The risk-to-opportunity platform is organized according to the United Nations’s 17 Sustainable Development Goals. Click on SDG 2, which calls for an end to hunger, and you get solutions like bio-fertilizers that improve soils and raise agricultural yields. Click on SDG 6, covering clean water and sanitation, and you get ideas like a shower that recycles and cleans water after use. The idea is that if you’re a business looking to make your practices more sustainable, there are ideas–and potential partners here–in whatever area you operate in.
Hammershoy’s personal favorites include Ennesys, a French company creating building facades containing micro-algae.
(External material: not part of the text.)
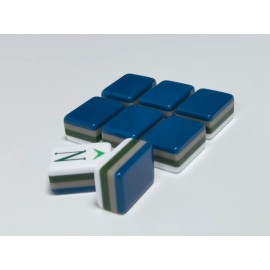 ,Acrylic Mahjong Tiles,American Mahjong,Mahjong Gift for Women,Hand-carved Mahjong Tiles,Custom 4-Layer MahjongColor: Navy blue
Fed by nutrients and wastewater, the plants give off heat and help cut building running costs. Another idea features the Econyl Regeneration System, which takes old fish nets and carpets and creates fresh nylon yarn. A third comes from Johannesburg, which in 2014 became the world’s first major city to issue a “green bond” to finance its climate mitigation investments.
The database, which is searchable by market, solution, and SDG, was put together by Sustainia, funded by DNV, a Norwegian engineering firm, and the UN Global Compact, which aims to harness the private sector for development activity.
“As I see it, either companies have understood that the demand is so big that there is money to be made by [allowing] people to engage in more sustainable lifestyles, or else they are part of the fossil fuel economy some way or the other, and don’t care about the sustainable transition,” Hammershoy says. She points to example of companies like Seventh Generation, Whole Foods, Patagonia, Siemens, and BASF, which have built businesses around sustainable products and services.
Hammershoy argues big business needs to get beyond the defensive crouch of risk management and corporate responsibility initiatives and roll up its sleeves. “This is all about turning risks into opportunities,” she says.